What you should do:
Repeat every record exactly, but omit the images.

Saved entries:
=== Begin Enclosure ===
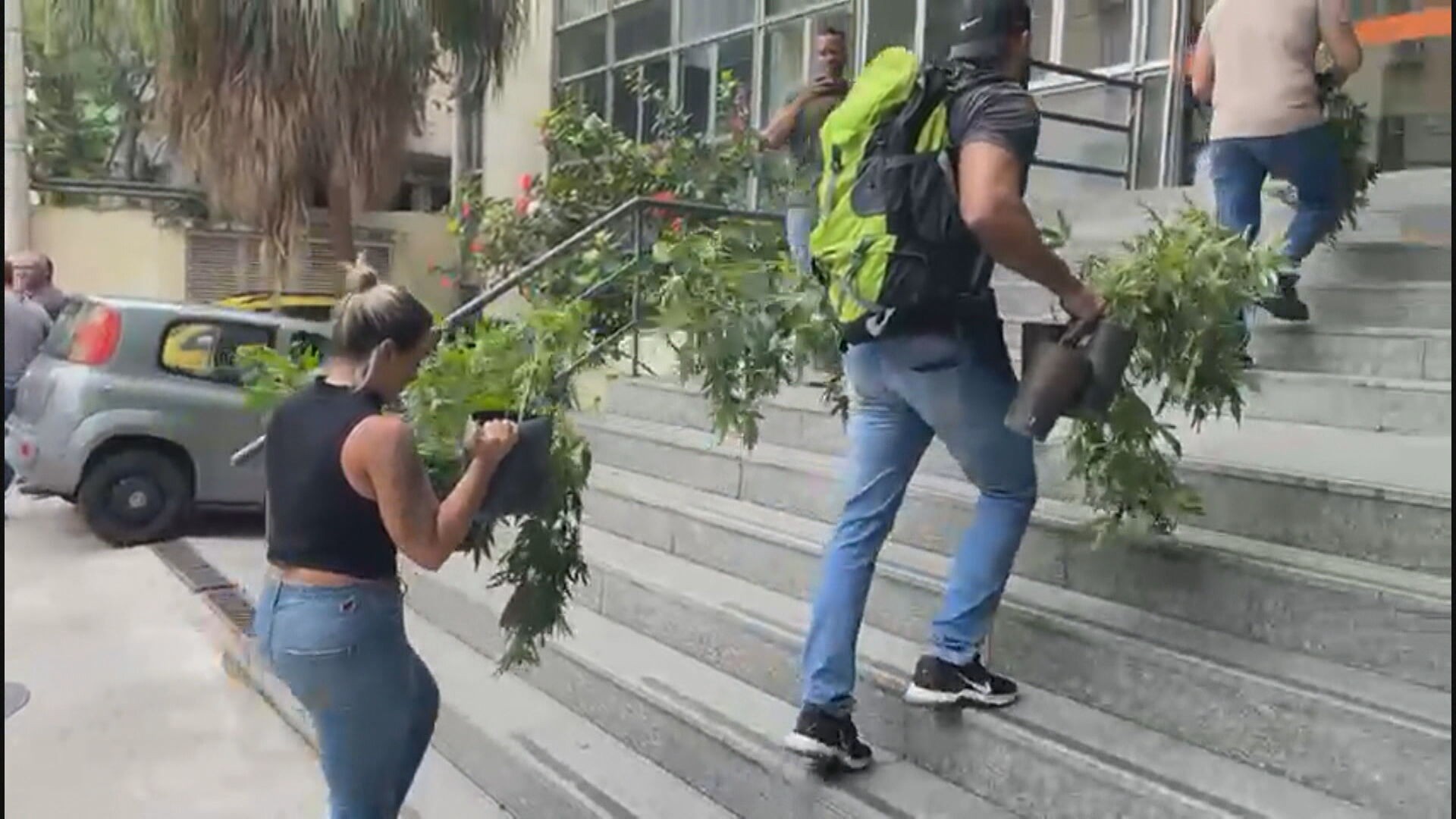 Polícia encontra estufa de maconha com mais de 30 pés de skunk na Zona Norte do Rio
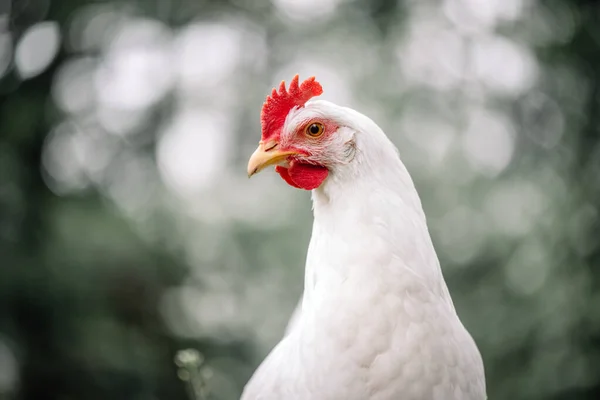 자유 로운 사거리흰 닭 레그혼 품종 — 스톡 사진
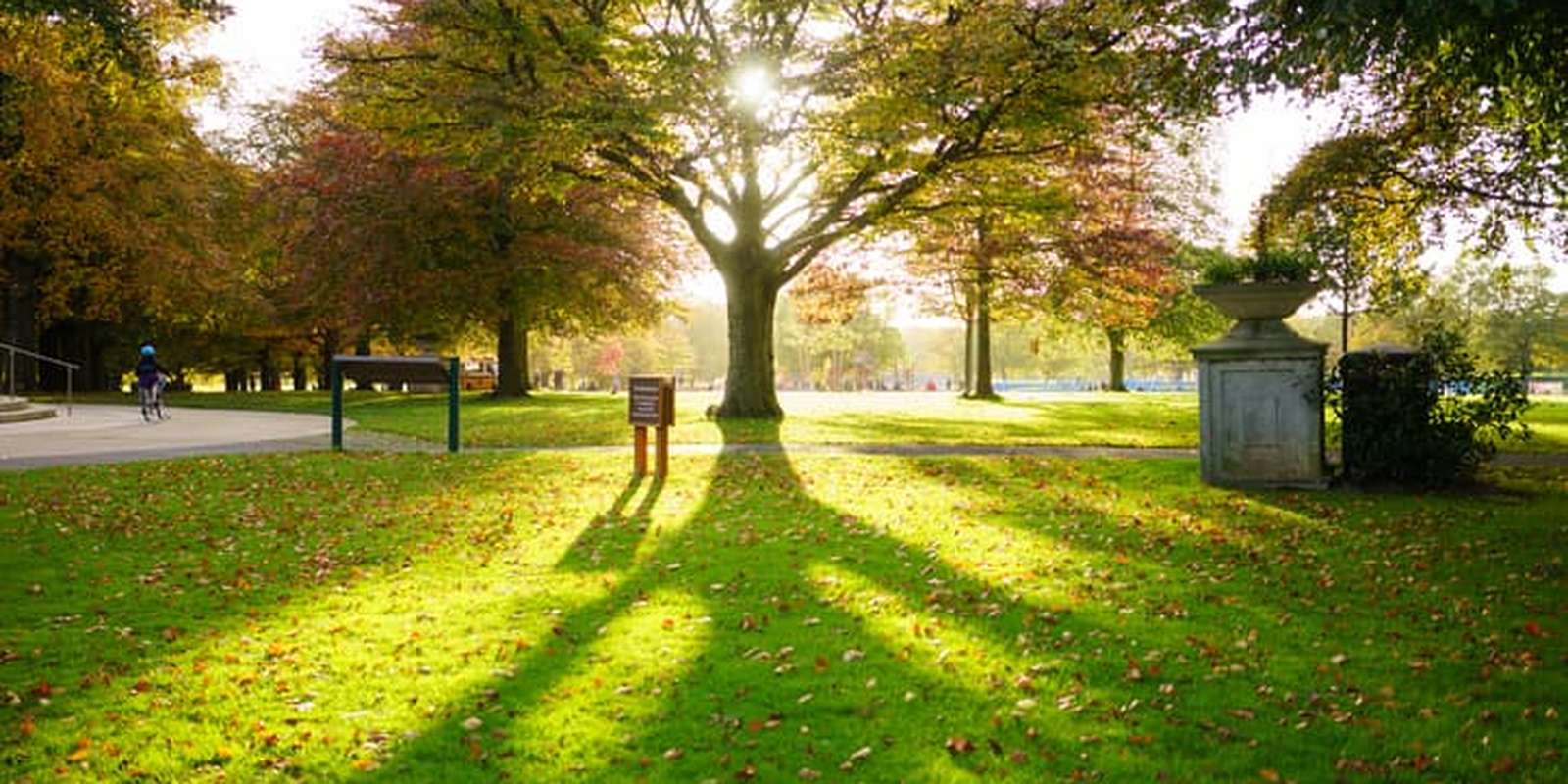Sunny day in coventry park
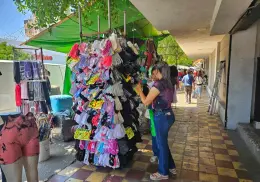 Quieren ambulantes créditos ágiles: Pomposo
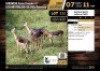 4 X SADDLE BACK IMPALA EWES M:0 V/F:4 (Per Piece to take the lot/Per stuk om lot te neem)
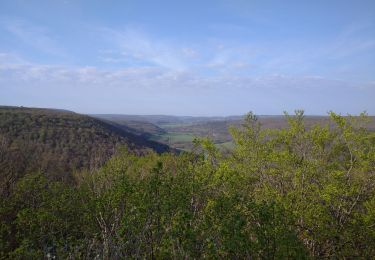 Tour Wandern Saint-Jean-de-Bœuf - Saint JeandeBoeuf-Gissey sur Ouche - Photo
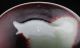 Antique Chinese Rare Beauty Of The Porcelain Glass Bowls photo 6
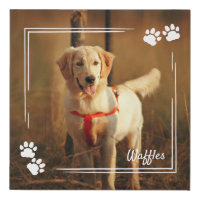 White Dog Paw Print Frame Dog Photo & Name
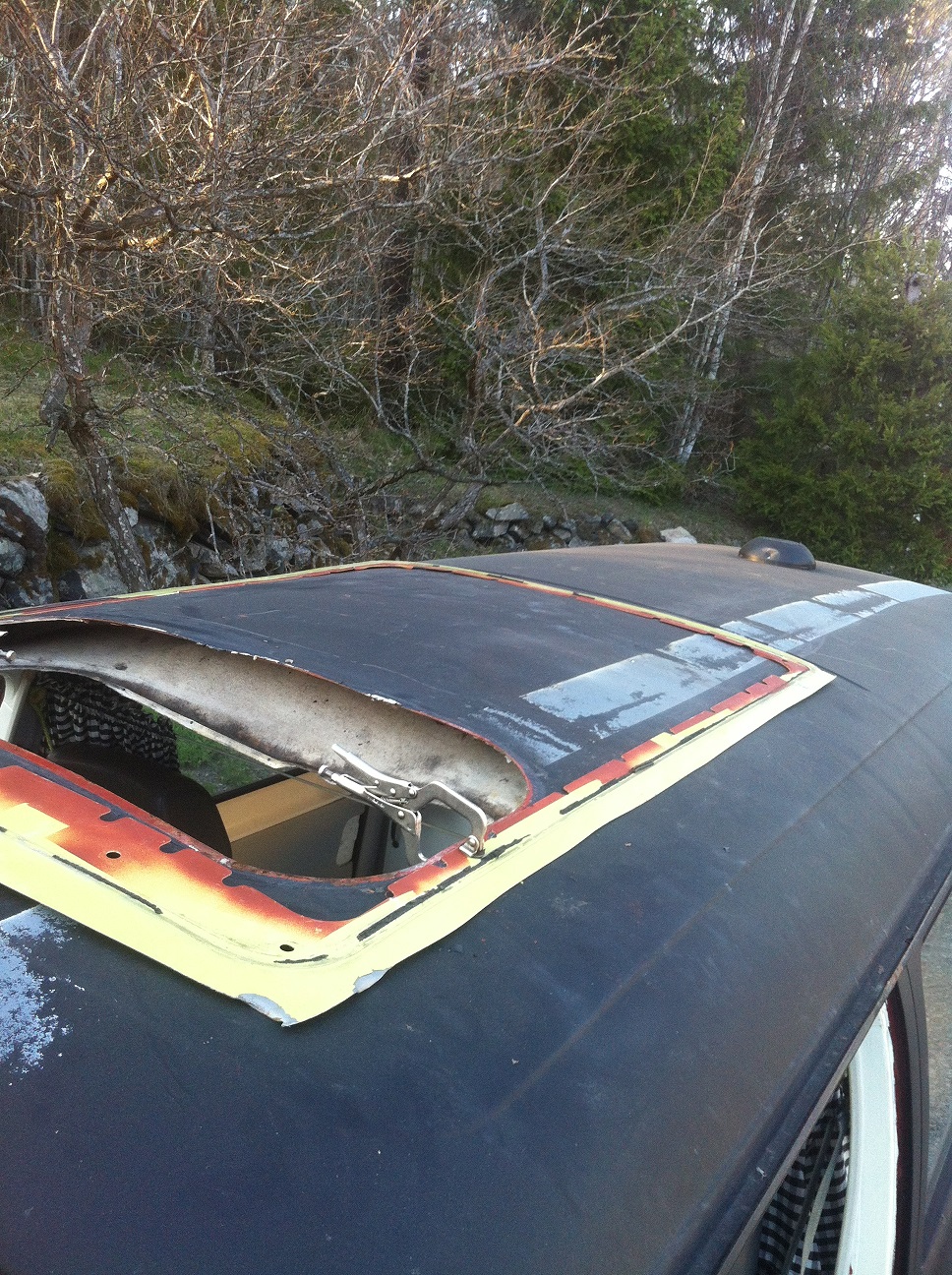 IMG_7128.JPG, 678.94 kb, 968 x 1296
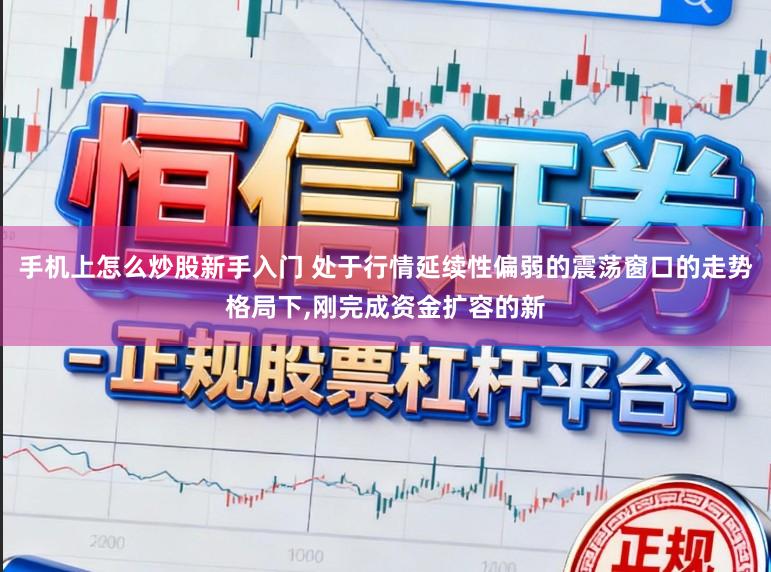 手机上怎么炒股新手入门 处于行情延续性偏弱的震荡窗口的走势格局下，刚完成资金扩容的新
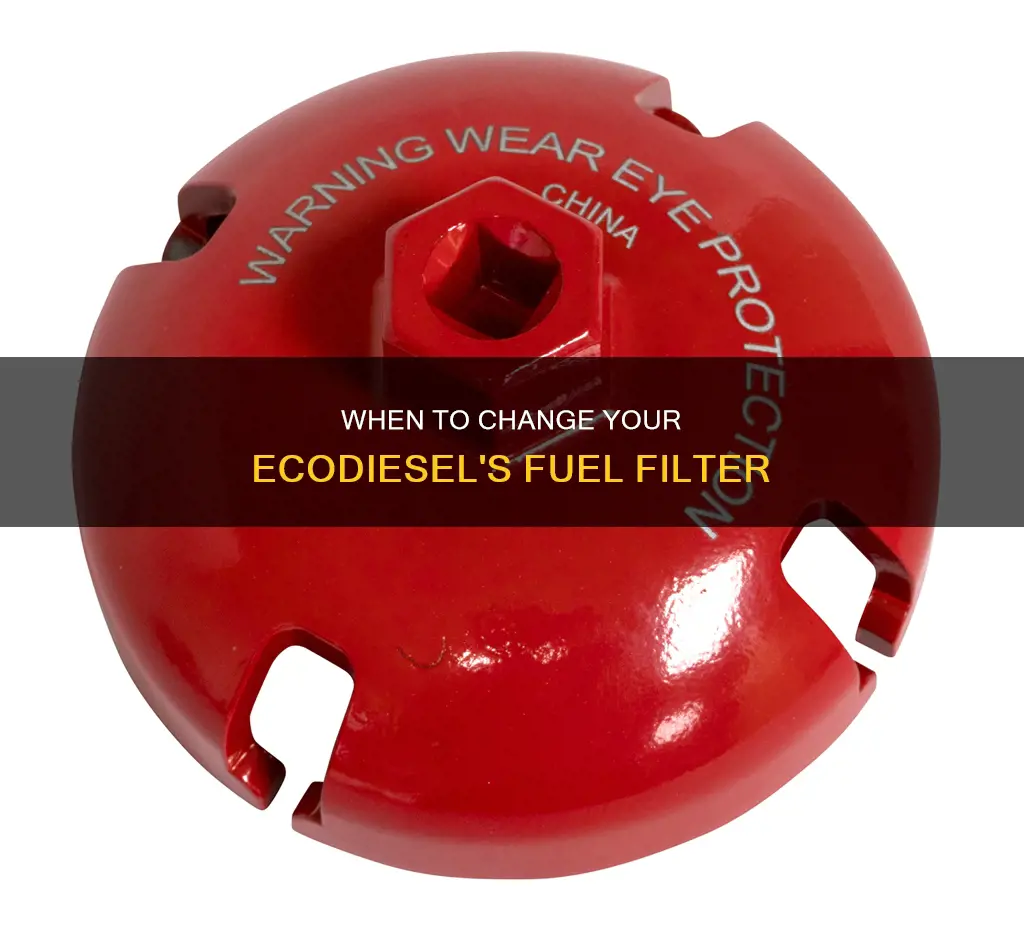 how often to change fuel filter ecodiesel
=== End Enclosure ===
Answer to this exercise:
 Polícia encontra estufa de maconha com mais de 30 pés de skunk na Zona Norte do Rio
 자유 로운 사거리흰 닭 레그혼 품종 — 스톡 사진
Sunny day in coventry park
 Quieren ambulantes créditos ágiles: Pomposo
 4 X SADDLE BACK IMPALA EWES M:0 V/F:4 (Per Piece to take the lot/Per stuk om lot te neem)
 Tour Wandern Saint-Jean-de-Bœuf - Saint JeandeBoeuf-Gissey sur Ouche - Photo
 Antique Chinese Rare Beauty Of The Porcelain Glass Bowls photo 6
 White Dog Paw Print Frame Dog Photo & Name
 IMG_7128.JPG, 678.94 kb, 968 x 1296
 手机上怎么炒股新手入门 处于行情延续性偏弱的震荡窗口的走势格局下，刚完成资金扩容的新
 how often to change fuel filter ecodiesel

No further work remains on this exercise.